Executivos há muito se vangloriam do rigor de suas rotinas de exercício, mas a tendência a formas extremas de condicionamento físico está escapando ao controle. À medida que os negócios se tornam mais competitivos, todos falamos sobre a necessidade de as empresas serem mais "enxutas", "firmes", "ágeis", "flexíveis", e que devem "suar" para resolver até mesmo as questões menores.

Mas será que realmente queremos dizer que os corpos de seus líderes devem ser definidos pelos mesmos termos?

De forma limitada, exercícios ajudam nosso desempenho no trabalho. Se tiro o traseiro da cadeira e uso as escadas, ou se vou para algum lugar de bicicleta, me sinto menos lerda como resultado. Mas para atingir esse agradável estado de prontidão física, não é preciso trabalhar com pesos de 16 quilos ou correr 63 quilômetros.

De acordo com o Serviço Nacional de Saúde britânico, tudo que você precisa é dar uma caminhada curta em ritmo acelerado cinco vezes por semana.

E mesmo esse nível de atividade não é pré-requisito para sucesso espetacular nos negócios.

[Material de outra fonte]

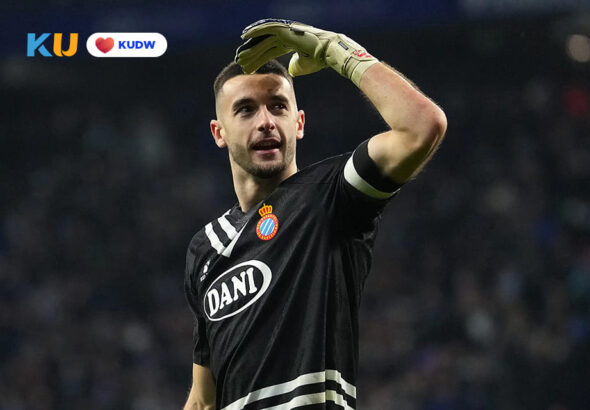 Sensasi di Catalunya! Tolak Arsenal, Kiper Andalan Espanyol Joan Garcia Selangkah Lagi Gabung Barcelona dalam Transfer €25 Juta!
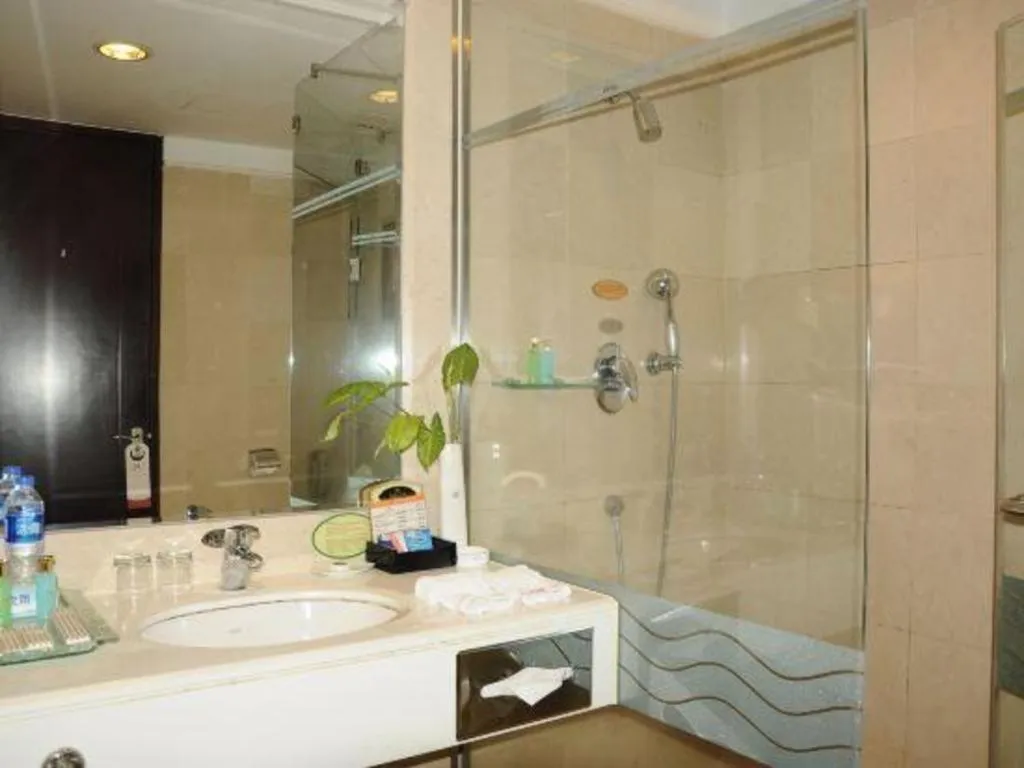 Dongguan Metropolitan Yijing Hotel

Os dois líderes que mais admiro são ambos da ala corpulenta do espectro, e que eu saiba nunca se exercitam.

SUCESSO

Os dois têm corpos grandes que abrigam cérebros excepcionalmente grandes. Ambos parecem ter disposição suficiente para comandar empresas grandes e complexas, ambos tomam boas decisões e ambos são admirados pelas milhares de pessoas que trabalham para eles.

É verdade que eles são exceções. Os conselhos das grandes empresas abrigam muito mais fanáticos por exercícios do que gorduchos. Mas o motivo não é que exercícios extremos causam sucesso extremo, e sim o fato de que ambas as coisas derivam do mesmo defeito de personalidade.

O sucesso empresarial requer motivação e disciplina em escala patológica, da mesma forma que desenvolver musculatura abdominal de dimensões que Deus jamais pretendeu ao criar Adão e Eva do barro.

A pena é que disciplina dessa ordem seja desperdiçada em algo tão pessoal e inútil. Quase qualquer outra coisa seria melhor –aprender a tocar violino, ler um livro ou até fazer compras, porque assim pelo menos a pessoa estaria estimulando a economia. Os esportes não alargam a visão de mundo do executivo. Quase tudo mais o faz.

PREJUÍZOS

O exercício excessivo não é só desnecessário para o sucesso como é má ideia, por pelo menos quatro motivos. Primeiro, é terrível para a família: se uma pessoa tem uma longa jornada de trabalho e de exercita por horas, sua família nunca a vê.

Segundo, é discriminatório. Pessoas que suam juntas formam um elo que exclui outras pessoas. Não é por coincidência que Green tenha preenchido o conselho da Thomas Cook com um maratonista, um triatleta e um antigo ginasta.

Terceiro, faz com que a pessoa se sinta não só superior mas invencível, de um modo que pode ser perigoso. Nos negócios, sentir-se vulnerável e consciente das próprias vulnerabilidades faz bem. Só os paranoicos sobrevivem.

Mas minha principal queixa é que pessoas que falam demais de seus Fitbits são dolorosamente chatas. No "Financial Times", uma semana atrás, David Hockney descreveu uma caminhada pelo parque a caminho da casa do amigo Lucian Freud, um dia; ele estava fumando um cigarro e apreciando os pássaros e coelhos que avistava.

Segundo Hockney, três garotas passaram correndo por ele no caminho, e nem mesmo viram os pássaros e coelhos, porque estavam preocupadas só com seus corpos.

O pintor, que tem 77 anos e sabe muito sobre persistência, prefere uma caminhada gentil a uma corrida não só porque assim você pode ver as coisas, mas porque ela desgasta menos os tornozelos. Mas não vou apelar a esse último argumento –o de que exercícios demais fazem mal aos ossos. Se os executivos querem brincar assim com seus esqueletos, que brinquem. Não é da minha conta.